1. Gesundheitsbezogene Werbung bei Lebensmitteln erlaubt die EU nur, wenn die Versprechen wissenschaftlich belegt sind. Brauchen Verbraucher diesen Schutz?

Volker Nickel:

Gesundheitsbezogene Aussagen sind in der Werbung für Lebensmittel nur noch möglich, wenn ein wissenschaftliches Gutachten nachgewiesen und akzeptiert wird. Das allein kostet schon sechsstellige Summen. Hinzu kommt ein langwieriges Genehmigungsverfahren im Behördendschungel. Große Konzerne können das verkraften, aber Mittelständler kann das vom Markt vertreiben.

2. Wird der Verbraucher durch Werbeversprechen, dass ein Joghurt die Abwehrkräfte aktiviert, nicht doch getäuscht?

Nickel:

In Brüssel gehen die Bürokraten von der irrigen Vorstellung aus, dass der Verbraucher so unmündig ist. Doch mit der Lebensrealität hat das nichts zu tun. Der Verbraucher muss nicht unter einer Glocke geschützt werden.

3. Bedeuten die EU-Vorgaben das Aus für witzige und kreative Werbesprüche?

Nickel:

Das befürchten wir. Das Kreative wird immer mehr unmöglich gemacht, nicht nur bei Lebensmitteln, bei denen die Werbung zum Beipackzettel wird. Immer engere Vorschriften machen die Werbung farblos.

4. Braucht die Werbebranche gesetzliche Beschränkungen, weil sie sonst ihre Freiheiten und Möglichkeiten missbraucht?

Nickel:

In keinem Zweig der öffentlichen Kommunikation gibt es so viel Beschränkungen. Laut Gesetz gegen unlauteren Wettbewerb ist irreführende Werbung sowieso verboten. Wer die Unwahrheit sagt, kann zwei Jahre ins Gefängnis kommen. Das gibt es in keinem anderen Kommunikationsbereich. Denken Sie nur an Wahlwerbung, für die das natürlich nicht gilt. Dazu kommen Spezialvorschriften bei Heilmitteln und Lebensmitteln.
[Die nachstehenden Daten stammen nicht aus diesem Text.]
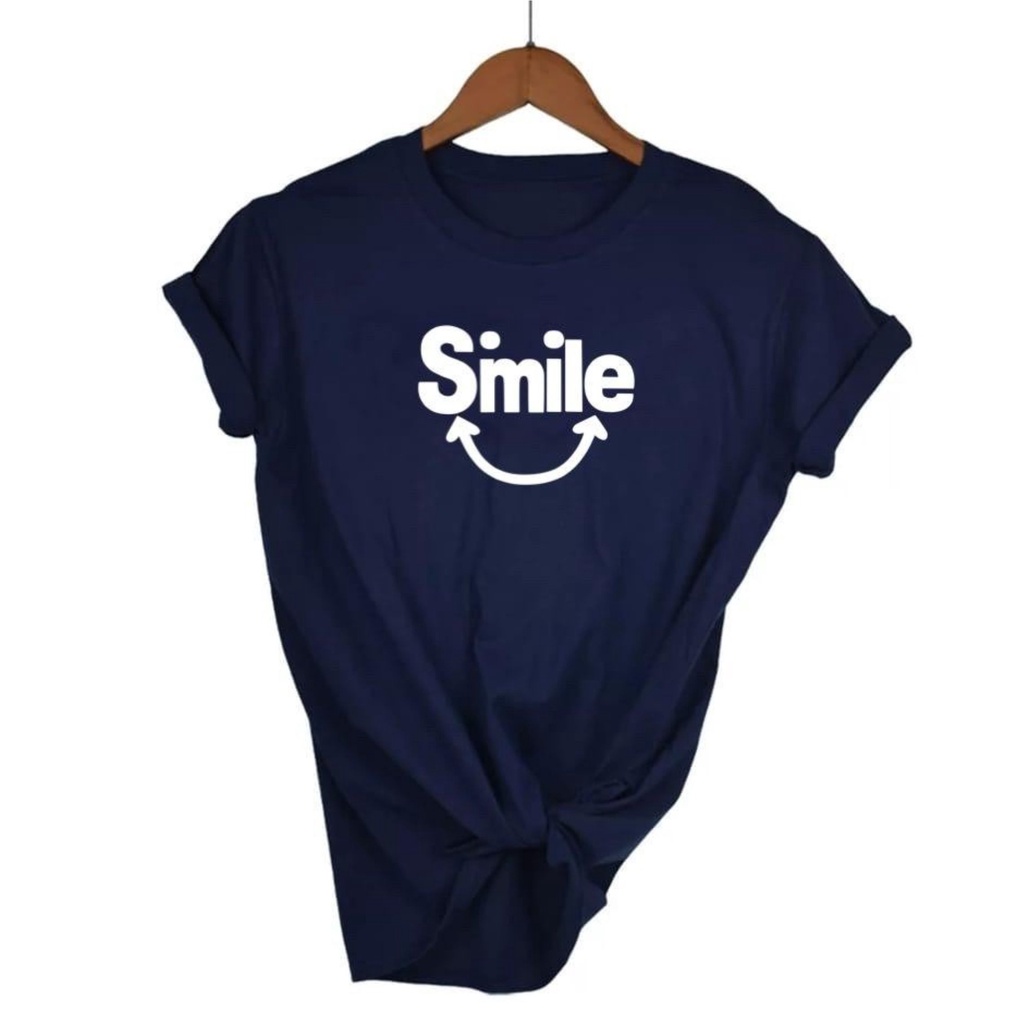 Kaos Wanita SMILE / Tshirt Combed 30s Wanita / Tumblr Tee / Atasan Baju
Und Verbraucherorganisationen und Werbewirtschaft schauen sich gegenseitig auf die Finger, damit niemand über die Stränge schlägt. Obendrein wacht der Werberat als Dachverband über die Branche. Hier können sich Verbraucher beschweren, selbst wenn die Werbung rechtlich einwandfrei ist. Wir haben ein umfassendes System der Kontrolle, das man nicht weiter ausbauen muss.

5. Könnten wir nicht doch im Zweifelsfall auf Werbung verzichten?

Nickel:

Nein, ohne Werbung funktioniert ein marktwirtschaftliches System überhaupt nicht. Wir alle brauchen im Wettbewerb die Werbung als Orientierung. Markt, Volkswirtschaft und die Verbraucher - alle sind auf Werbung angewiesen.